Saturday, January 22, 2011

my poverty prejudice

I've debated posting this as my own thoughts aren't fully formed yet.  However, it is coloring my experience and the journey so it's only fair to post.

As we drove from Golfito to Pavones, we saw some of areas of absolute extreme poverty.  While that wasn't unexpected, I kept thinking "How could these possibly be the happiest people in the world?"  

My husband saw a guy sitting in a ditch for no apparent reason and made a passing comment.  My retort was "Well, apparently he's happier than we are."  It's really hard for me to wrap my mind around the fact that someone living with so little could be happier than those of us who have so much. 

I think we're brought up to believe that if only poor people were more industrious, more ambitious, more willing to put in some hard work, their wealth would increase and, thus, they would be happier.  Right? The current cover article in the Atlantic reinforces the fact that those of first and second generation wealth tend to feel that they have earned it purely by hard work, effort and intelligence. 

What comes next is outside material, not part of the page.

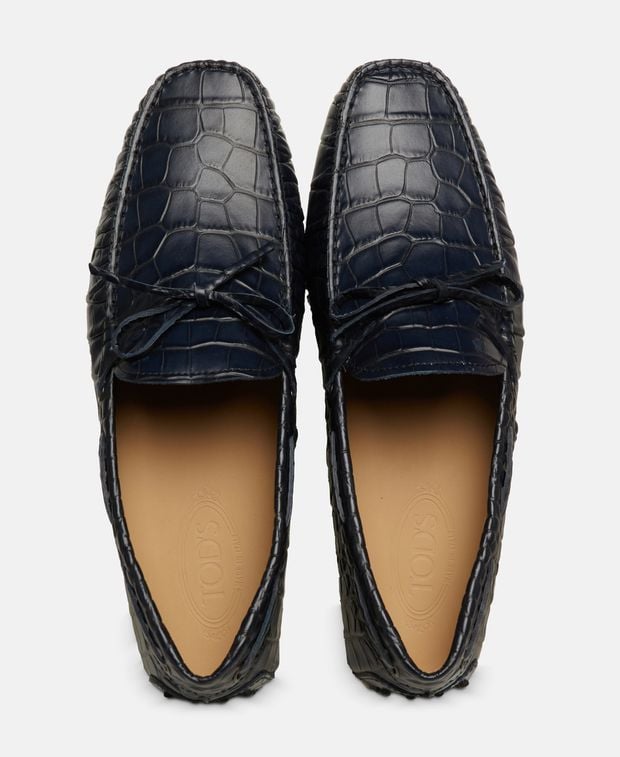 Tod's Loafers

I'm not suggesting that the Happy Planet Index is the only measure of contentment.  But Costa Rica measures really well on a range of indexes related to perceptions of happiness as noted in this New York Times column

More interesting to me than the happiness of the Ticos was my own reaction to it relative to their lack of wealth.  I think we perceive poverty to be an individual failure that could be corrected if the individual would only buck up and get with the program. But I do know better. 


Programs like Grameen Bank have illustrated that, if you're willing to see people instead of poverty, there are ways to turn the paradigm upside down.  At the point we consider wealth and fortune to be solely driven by individual effort, rather than first based in the sheer luck of birth and opportunity of circumstance, we give ourselves permission to dismiss those who do not share in that same luck and opportunity.  We also then may tend to equate happiness with that material wealth and fortune - something that this population appears not to do.

Even knowing all this, it took the convergence of a happiness ranking, a drive through a poor country and a guy sitting in a ditch to make me really think about my own poverty prejudice.